Search the data below for the string "with". Extract every line that contains it.
____ Material provided
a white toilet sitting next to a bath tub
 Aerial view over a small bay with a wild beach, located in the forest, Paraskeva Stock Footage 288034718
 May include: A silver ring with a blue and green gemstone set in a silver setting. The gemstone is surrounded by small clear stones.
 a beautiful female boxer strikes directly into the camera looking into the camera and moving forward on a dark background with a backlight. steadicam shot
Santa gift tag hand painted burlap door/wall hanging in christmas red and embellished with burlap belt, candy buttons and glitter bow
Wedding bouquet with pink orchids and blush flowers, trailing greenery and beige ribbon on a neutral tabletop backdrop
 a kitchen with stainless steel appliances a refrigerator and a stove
________
__Answer section__
 Aerial view over a small bay with a wild beach, located in the forest, Paraskeva Stock Footage 288034718
 May include: A silver ring with a blue and green gemstone set in a silver setting. The gemstone is surrounded by small clear stones.
 a beautiful female boxer strikes directly into the camera looking into the camera and moving forward on a dark background with a backlight. steadicam shot
Santa gift tag hand painted burlap door/wall hanging in christmas red and embellished with burlap belt, candy buttons and glitter bow
Wedding bouquet with pink orchids and blush flowers, trailing greenery and beige ribbon on a neutral tabletop backdrop
 a kitchen with stainless steel appliances a refrigerator and a stove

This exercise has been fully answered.